AN: I love you all. All you readers and reviewers and alerters and favouriters. All of you. And I am so incredibly sorry that I have not updated for so long, but school keeps getting in the way of writing, and then when I actually had time to write I had the most horrendous case of writers' block ever. Which explains the shortness and somewhat rubbishness of this chapter. But anyway (CONCENTRATE, Sarah! (just read the Hound of the Baskervilles introduction – can you tell? (ughh I love him even more now and I didn't think that was possible))) enjoy the thing. And I will love you even more if you review.
And I will update as soon as I can. I swear it to you on fish fingers and custard.
Sherlock woke up, his joints aching from having spent too long in an awkward position in an uncomfortable chair. He stretched – and looked sharply over at John.
No change.
Still unconscious. Still empty.
But still breathing.
Just.
Sherlock sighed deeply, a great whooshing exhale of breath and his head fell into his hands. He kneaded his forehead and then ran his heads through his hair, trying to wake himself up. He was still a little bleary and he could not afford to be so.
He felt so guilty. If it weren't for him, John would not be like this. He cursed himself for not having thought his plan through more thoroughly – he should have known this would happen (idiot, idiot, not thinking it through, not going through all the consequences). And on top of the guilt about John, there was this guilt about how he had treated Mycroft. He knew Mycroft had cared for John in his own way – it must be hard for him too, to have this happen. Sherlock wouldn't normally care about Mycroft or his feelings: but he felt that he had overstepped the line somewhat. It had just been so much easier to blame Mycroft than to do anything else.
But how was he supposed to do anything else? His best friend – his only friend – was hospitalised and it was all his fault. Sherlock needed John to live. When he had been doing The Work, the only thing keeping him going had been the thought that John was alive and safe. Except he wasn't. He hadn't been.
Sherlock's head stayed in his hands.
But then - a rustle of sheets.
A sigh.
The mattress creaking.
Sherlock's eyes flew open and his head snapped up.
"John?"
John's eyelids fluttered.
"John?"
John's head rolled over and his brow furrowed. He sighed weakly.
"John, wake up!"
Sherlock had leant forwards eagerly at the first sign of movement, and now his head was only inches away from John's. John's eyes drifted open and found Sherlock's face. His eyes widened.
"No..."
"What the hell were you thinking?!" All Sherlock's fury at the world, at himself suddenly exploded. He tried to remember that John most definitely was not the cause of it (although he supposed it partially was John's fault for having tried this, but it was Sherlock's fault that it was his fault...) and that he was sending the anger in the wrong direction, but he just felt so confused.
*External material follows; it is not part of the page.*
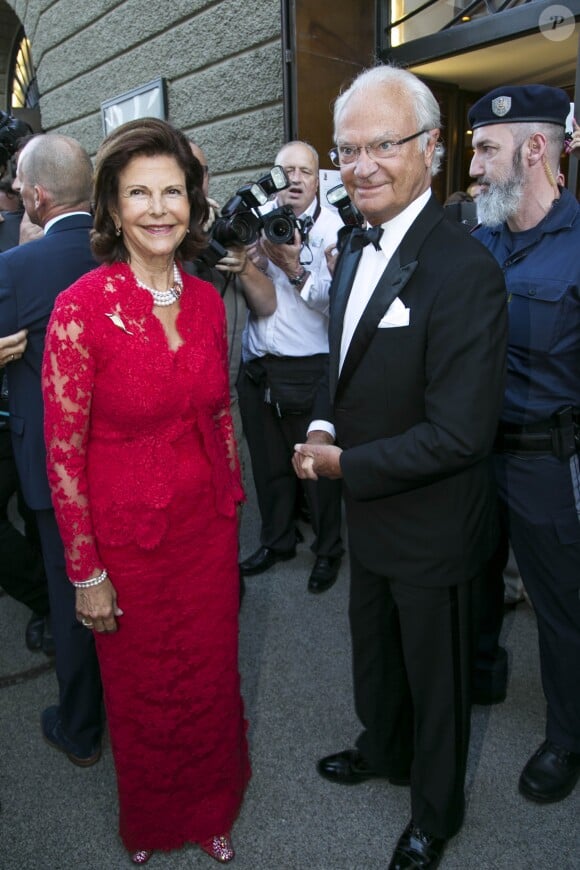 La reine Silvia et le roi Carl XVI Gustaf de Suède à la première de "Manon Lescaut" lors du Festival de Salzbourg le 4 août 2016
John's face had lost what little colour it had had before.
"You're dead..."
Sherlock's anger melted away as suddenly as it had come. "No. I'm not. I... I am sorry, John."
John shook his head.
Gently, Sherlock reached out and touched John. "I feel real enough, don't I?"
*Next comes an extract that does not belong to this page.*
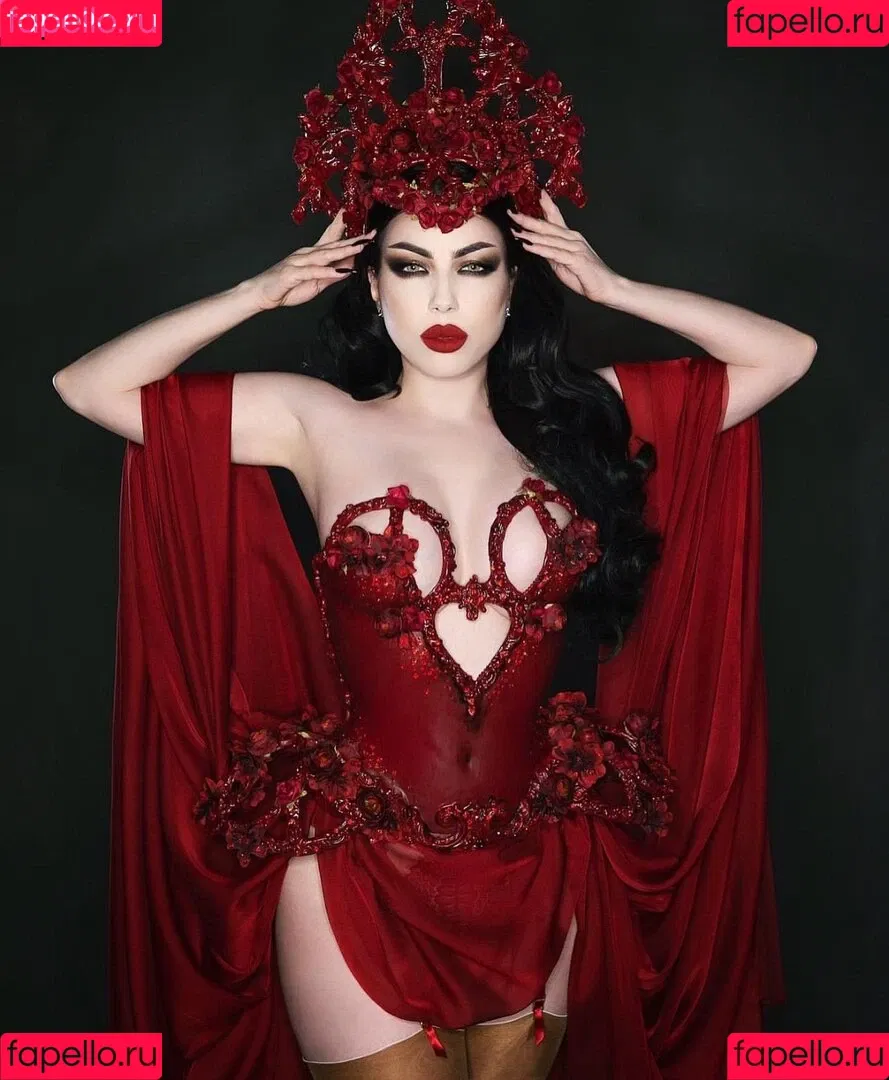 Threnody In Velvet Onlyfans Photo Gallery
John closed his eyes, his head sinking back into his pillow. "You aren't real. You can't be real. You just can't be."
Sherlock gripped a little more firmly. "I am real, John."
John shook his head.
"You always were painfully ignorant to the obvious," Sherlock snapped, his anger bubbling up again.
John's eyes flew open. "None of my hallucinations have been that much of a prick before..."
Sherlock sighed and, again, tried to remember that he wasn't supposed to be angry at John. "I faked my death, John. It had to be convincing. You had to believe I was dead. You would have been killed otherwise. I couldn't just have you die. Not because of me." His voice became harsher. "But it turned out that I killed you anyway." He clutched at the front of John's hospital gown at the end of this sentence, as it he needed to reassure himself that John was still there, that he wasn't dead.
John looked down at the hand clinging to him and then back up into Sherlock's face. When he met his gaze, something seemed to fall into place. His eyes widened still further. He muttered "Oh, God," and then his eyes rolled back into his head and he was unconscious.
Sherlock froze, unsure. Should he get a nurse? Then he reasoned that he knew much more than any of the hospital staff, and decided to act on his judgement alone. Waiting for John to come round of his own accord was the best course of action to present itself. He was about to settle back into his chair, more relaxed now that he knew John was going to be okay, when suddenly he leapt out of it. Water. John would want water when he woke up. He swept out of the room and headed down the hall to find some for him. John would be fine on his own for a few minutes.
After all, he thought, they were in a hospital.